What's All This Then?

commentary on the passing parade

Agree? Disagree? Tell me

My Other Blog

Thursday, September 22, 2005

I didn’t watch all of the John Roberts hearings. In fact, it would be truthful to say that I only watched a fraction of them, but I did watch highlights that were included in news programs, so I would imagine that I heard most of the key questions that bothered Judicial Committee members from both sides of the aisle.

One question that was asked was about citing laws of other nations when considering a case that comes before the court. A good question. A legitimate question, but one unfortunately posed by Tom Coburn (R- Okla). That’s Coburn as in
"Lesbianism is so rampant in some of the schools in southeast Oklahoma that they'll only let one girl go to the bathroom."
"I believe all life has value, from conception to natural death. And I believe the intentional taking of human life, except to save lives, should be a capital offense, as it is in most states in America today"
"My hope is that one day America will return to our historic standards which were to respect the life of the unborn."
And Coburn was true to form when he asked the question about citing foreign law in rulings, saying that any judge who does so should be impeached and thrown off the bench. In that sense, it was more of a silly statement than a question - which is typical of how these hearings often go.

Roberts though, recognized the question buried in the rhetoric and gave a sensible answer. But now - in hindsight - we can see that there was a missed opportunity to have asked a different kind of question at that point, had someone with a different kind of imagination than Coburn’s been the questioner. Never mind about foreign law!! How about foreign opinion?? How about foreign media?? Could the Supreme Court of the United States be influenced by something that appears on foreign television? Or in a foreign newspaper? Should the Supreme Court even pay attention to something that appears in a foreign newspaper??

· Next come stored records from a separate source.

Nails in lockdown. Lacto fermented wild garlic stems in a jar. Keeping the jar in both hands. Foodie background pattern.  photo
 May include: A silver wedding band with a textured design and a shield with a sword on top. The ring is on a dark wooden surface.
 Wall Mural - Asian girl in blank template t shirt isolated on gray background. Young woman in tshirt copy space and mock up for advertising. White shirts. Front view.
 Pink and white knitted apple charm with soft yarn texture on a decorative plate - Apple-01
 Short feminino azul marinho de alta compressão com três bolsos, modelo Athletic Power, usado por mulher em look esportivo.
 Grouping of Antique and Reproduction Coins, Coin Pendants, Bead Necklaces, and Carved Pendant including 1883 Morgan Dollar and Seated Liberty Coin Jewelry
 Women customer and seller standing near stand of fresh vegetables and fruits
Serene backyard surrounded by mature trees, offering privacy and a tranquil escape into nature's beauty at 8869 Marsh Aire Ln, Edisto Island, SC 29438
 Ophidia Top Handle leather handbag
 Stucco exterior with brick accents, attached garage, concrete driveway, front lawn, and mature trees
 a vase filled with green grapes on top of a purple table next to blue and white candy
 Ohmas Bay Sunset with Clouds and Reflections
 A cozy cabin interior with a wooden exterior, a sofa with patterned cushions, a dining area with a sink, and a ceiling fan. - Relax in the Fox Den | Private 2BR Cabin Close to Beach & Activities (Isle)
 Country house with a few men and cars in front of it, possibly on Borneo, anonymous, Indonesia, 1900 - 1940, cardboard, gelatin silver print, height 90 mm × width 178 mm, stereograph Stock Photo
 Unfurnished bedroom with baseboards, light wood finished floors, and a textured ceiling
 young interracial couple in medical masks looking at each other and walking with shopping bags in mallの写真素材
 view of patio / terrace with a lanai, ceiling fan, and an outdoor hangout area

Those may seem like silly questions that have no place in a serious hearing about the views and qualifications of a potential Supreme Court Justice - and they probably are. But in this age of globalization, where someone in Tanzania’s Serengeti National Park sneezes and someone on the ninety fifth floor of the Sears Tower says "gesundheit, " maybe it’s something that shouldn’t be so quickly dismissed out of hand.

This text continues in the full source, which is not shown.